Electrical computers and digital processing systems: memory – Addressing combined with specific memory configuration or...
Reexamination Certificate
1998-07-29
2001-04-03
Bragdon, Reginald G. (Department: 2186)
Electrical computers and digital processing systems: memory
Addressing combined with specific memory configuration or...
C709S220000, C711S154000, C711S156000, C711S159000
Reexamination Certificate
active
06212595
ABSTRACT:
The present invention is related to fencing of nodes in a distributed processing environment, and is more particularly related to fencing of nodes in a shared disk subsystem.
BACKGROUND OF THE INVENTION
U.S. Pat. No. 4,919,545 issued Apr. 24, 1990 to Yu for DISTRIBUTED SECURITY PROCEDURE FOR INTELLIGENT NETWORKS, discloses a security technique for use in an intelligent network and includes steps of granting permission to an invocation node to access an object by transmitting a capability and a signature from an execution node to the invocation node thereby providing a method for authorizing a node to gain access to a network resource by using a form of signature encryption at the node.
U.S. Pat. No. 5,301,283 issued Apr. 5, 1994 to Thacker et al. for DYNAMIC ARBITRATION FOR SYSTEM BUS CONTROL IN MULTIPROCESSOR DATA PROCESSING SYSTEM discloses a data processing system having a plurality of commander nodes and at least one resource node interconnected by a system bus, and a bus arbitration technique for determining which commander node is to gain control of the system bus to access the resource node thereby providing a node lockout which prevents nodes from gaining access to the system bus.
U.S. Pat. No. 5,386,551 issued Jan. 31, 1995 to Chikira et al. for DEFERRED RESOURCES RECOVERY discloses a resources management system for fencing all autonomous resources, and a protocol is followed to allow all activities in a work stream to be completed before all fencing is removed.
U.S. Pat.
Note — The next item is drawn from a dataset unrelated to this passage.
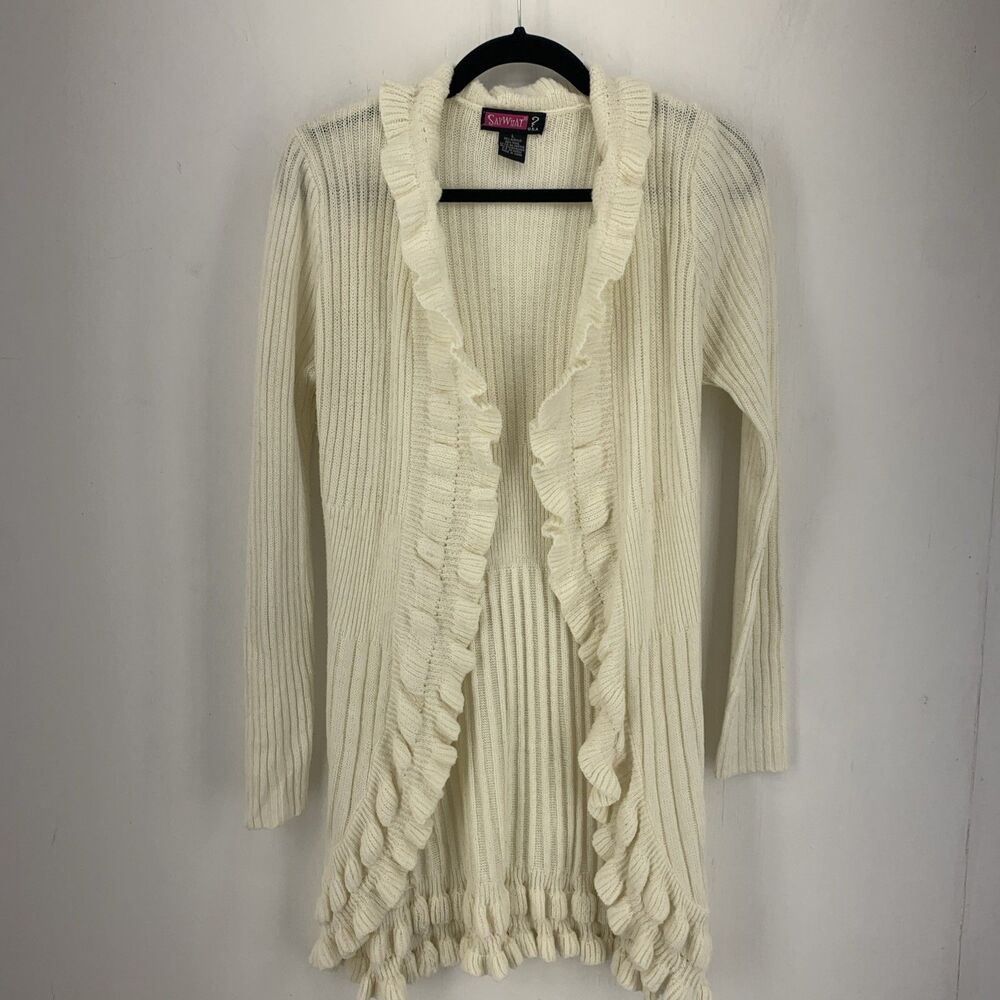 Vtg Jr Large Cardigan‎ Duster Sweater Riffles Open Front Y2K Girlie Cottagecore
No. 5,416,921 issued May 16, 1995 to Frey et al. for APPARATUS AND ACCOMPANYING METHOD FOR USE IN A SYSPLEX ENVIRONMENT FOR PERFORMING ESCALATED ISOLATION OF A SYSPLEX COMPONENT IN THE EVENT OF A FAILURE discloses an apparatus for use in a multi-system shared data environment which fences through a pre-defined hierarchical order, failed components from accessing shared data in order to protect data integrity.
U.S. Pat. No. 5,423,044 issued Jun. 6, 1995 to Sutton et al. for SHARED, DISTRIBUTED LOCK MANAGER FOR LOOSELY COUPLED PROCESSING SYSTEMS discloses apparatus for managing shared, distributed locks in a multiprocessing complex for synchronizing data access to identifiable subunits of direct access storage devices.
The Virtual Shared Disk (VSD) product, which is a component of the Parallel System Support Programs for AIX (PSSP) from the International Business Machines Corp. of Armonk, N.Y., provides raw disk access to all nodes on a RS/6000 Scalable POWERparallel (SP) system. The disk itself, however, is physically connected to only two nodes. One of these nodes is a VSD primary server, and the other is a backup server. If a disk is not locally attached, the VSD kernel extension will use Internet Protocol to route the requests to the server node. If the primary node is unavailable for any reason, access is switched to the secondary node, and the data on the disk drive may still be accessed by the secondary node.
The Group Services product of PSSP keeps a record of member nodes in a group of nodes. It is desirable to provide a fencing function to the VSD subsystem to provide fencing support.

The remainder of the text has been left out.